Wonder Woman will get a new look in the upcoming Justice League: War animated feature film, while artist Yanick Paquette teased a new look for the heroine in the upcoming Wonder Woman: The Trial of Diana Prince original graphic novel.
And, predictably, nobody's too happy about it because...well, fans tend not to be happy whenever anything changes, but particularly as it pertains to female superheroes, any attempt to make their costumes more practical and to put them more in line with what their male counterparts wear is tagged by detractors as "politically correct."
DC tried to give Wonder Woman pants when they relaunched their universe two years ago, and fan response was so vitriolic that the plan got scrapped, leaving her once again bare-legged. Not surprisingly, many self-described feminists, who had been excited by the prospect of DC's most recognizable female hero wearing something more practical into battle, didn't take the reversion well, proving that you can't possibly please everyone.

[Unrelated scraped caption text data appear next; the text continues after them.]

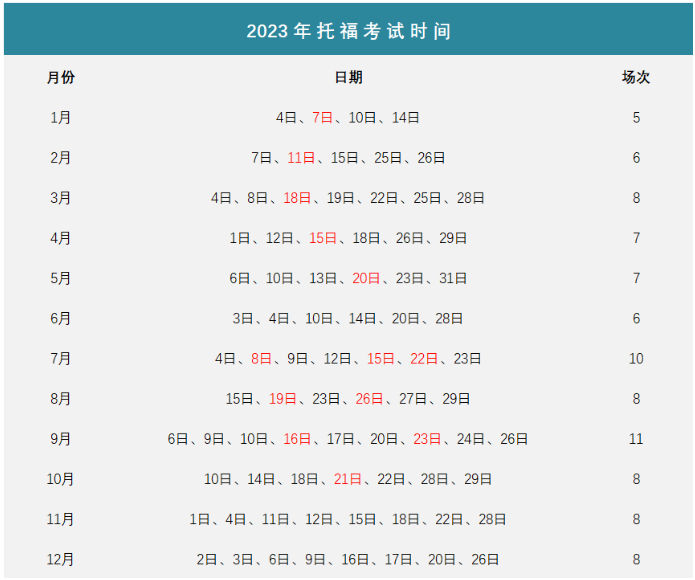 托?？荚嚂r間2023
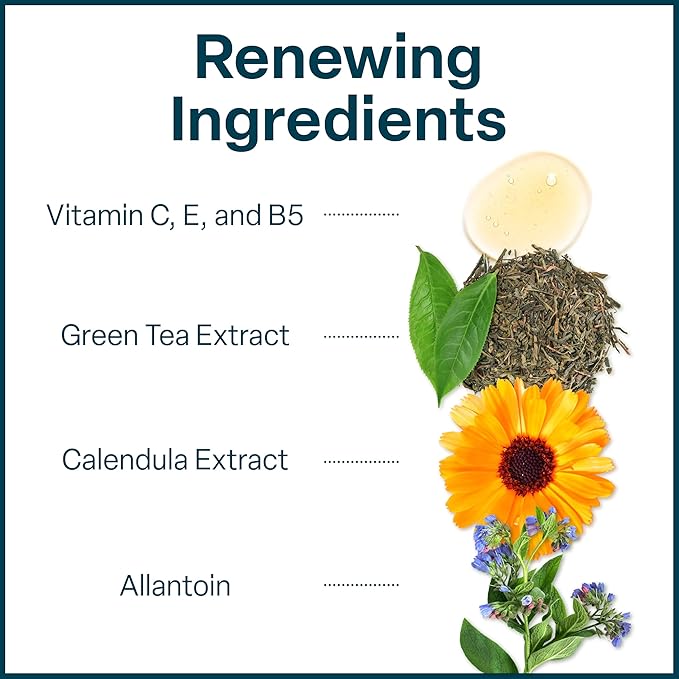 Glycolic Acid 10% Resurfacing Pads for Face & Body with Vitamins B5, C & E, Green Tea, Calendula, Allantoin - Exfoliates Surface Skin and Reduces Appearance of Fine Lines and Wrinkles - Peel Pads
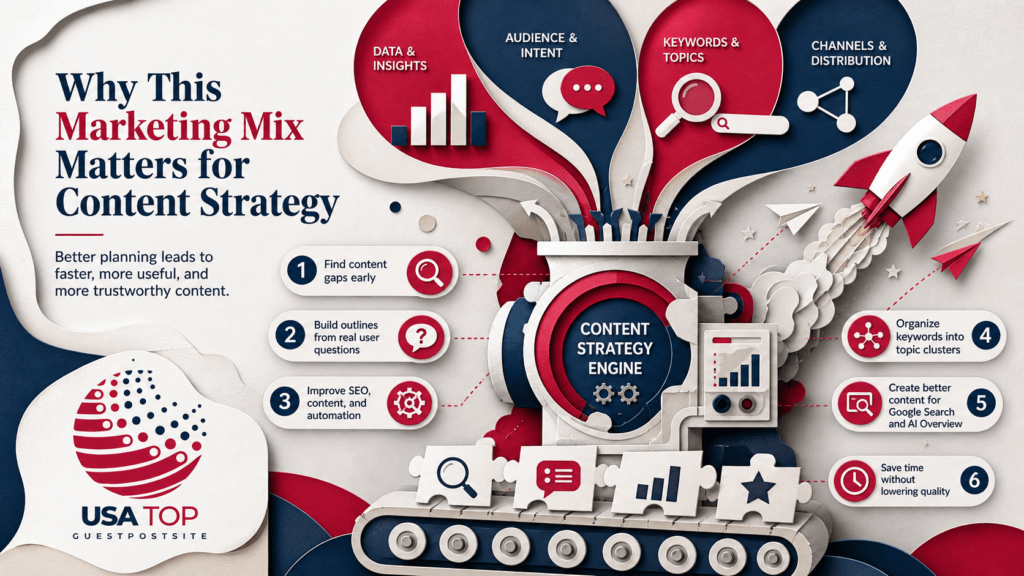 ai digital articoolo marketing mix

Here's the thing, though; as comic books from the Big Two become more and more bound to their big-screen counterparts and no female superhero has yet managed to get a solo movie since the disastrous outings for Elektra and Catwoman, we have to wonder if the look of female superheroes are a liability to their overall marketability.
As superhero costumes become more functional in the movies and realism takes precedence over fidelity to the source material, is it more difficult to make superheroine movies where the lead wears hilariously impractical clothing pretty much all the time?

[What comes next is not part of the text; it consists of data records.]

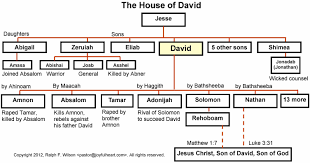 Map Of Flight Of David From Absalom Google Search Hebrew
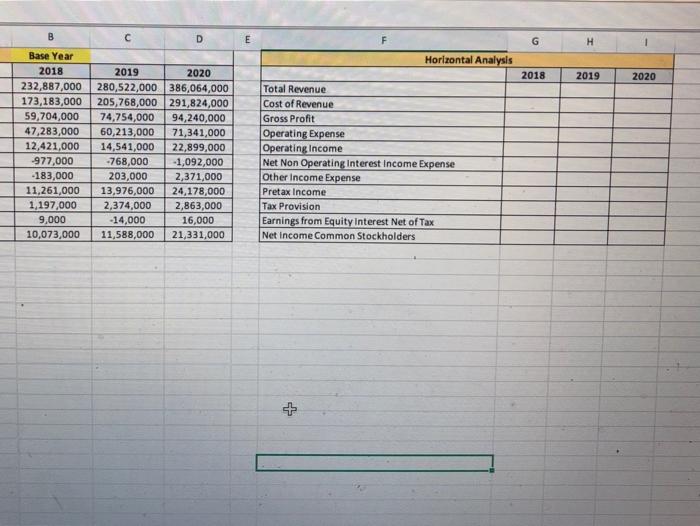 perform a horizontal analysis for 2018,2019,2020 B D E G H Horizontal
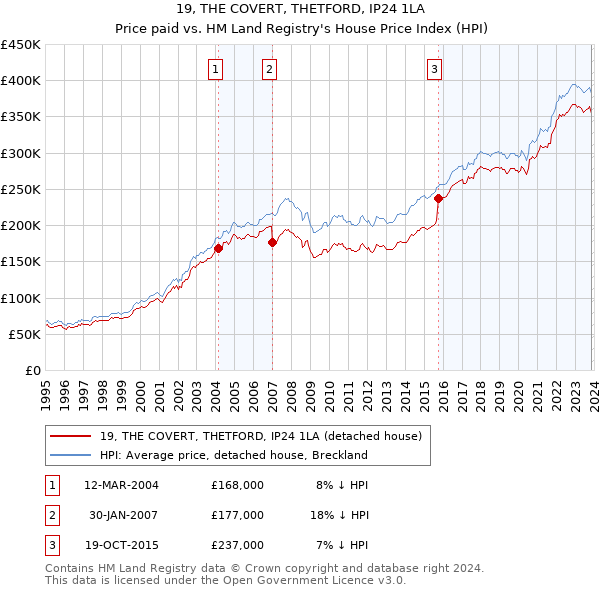 19, THE COVERT, THETFORD, IP24 1LA: Price paid vs HM Land Registry's House Price Index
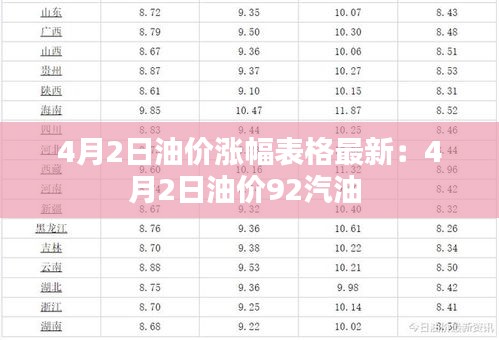 4月2日油價漲幅表格最新：4月2日油價92汽油 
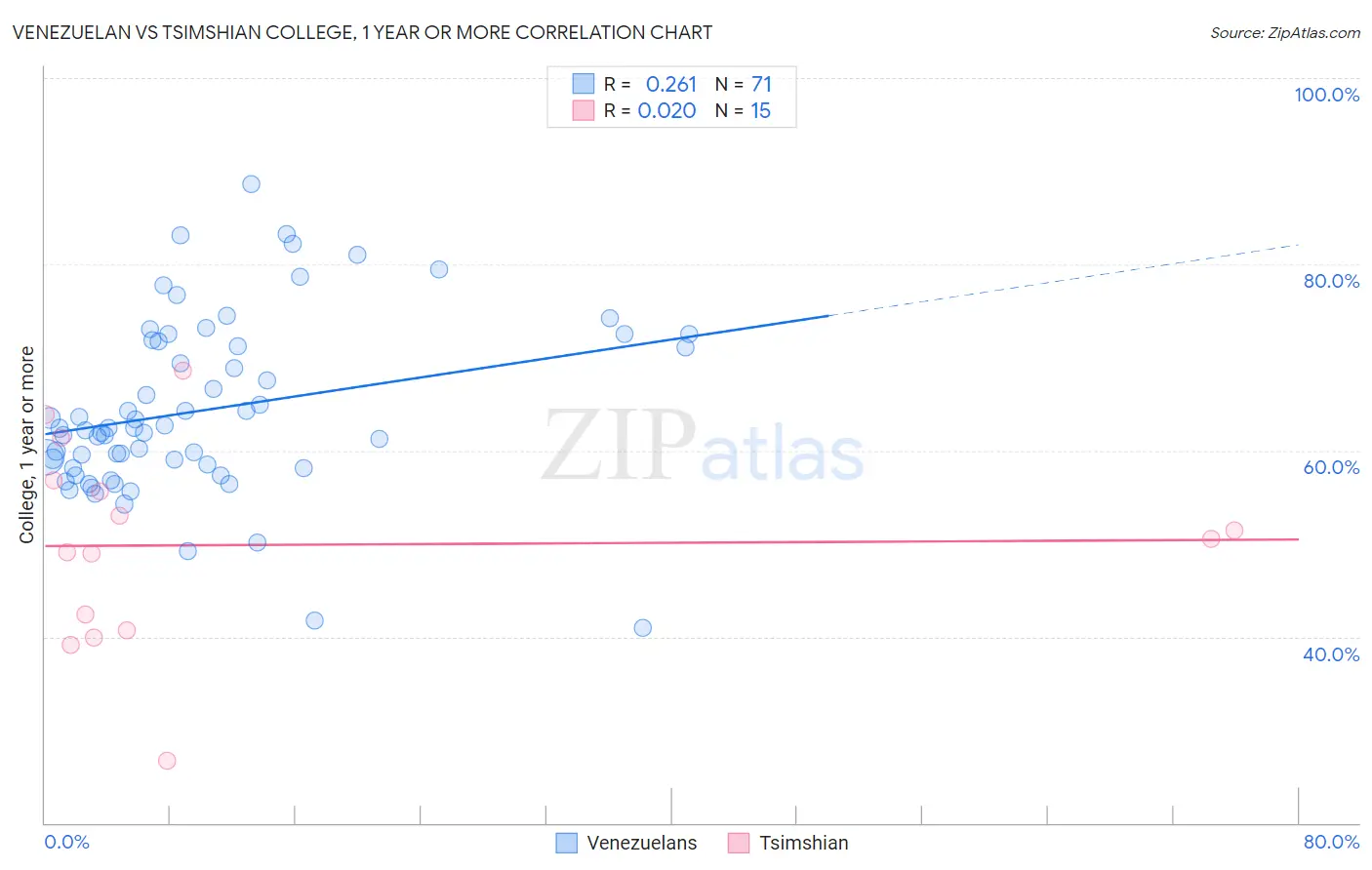 Venezuelan vs Tsimshian College, 1 year or more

There are a lot of issues facing female characters, including a perceived lack of marketability, both of films with female leads in general and in specific with comic book movies which are aimed squarely at young men. You've got characters who have not generally had long runs of great comics to fall back on in the same way that the top male heroes do. But the discernible outrage fans have to every tiny tweak made to Wonder Woman's costume makes it easy to see why the character would have a hard time getting beyond even the concept art stage.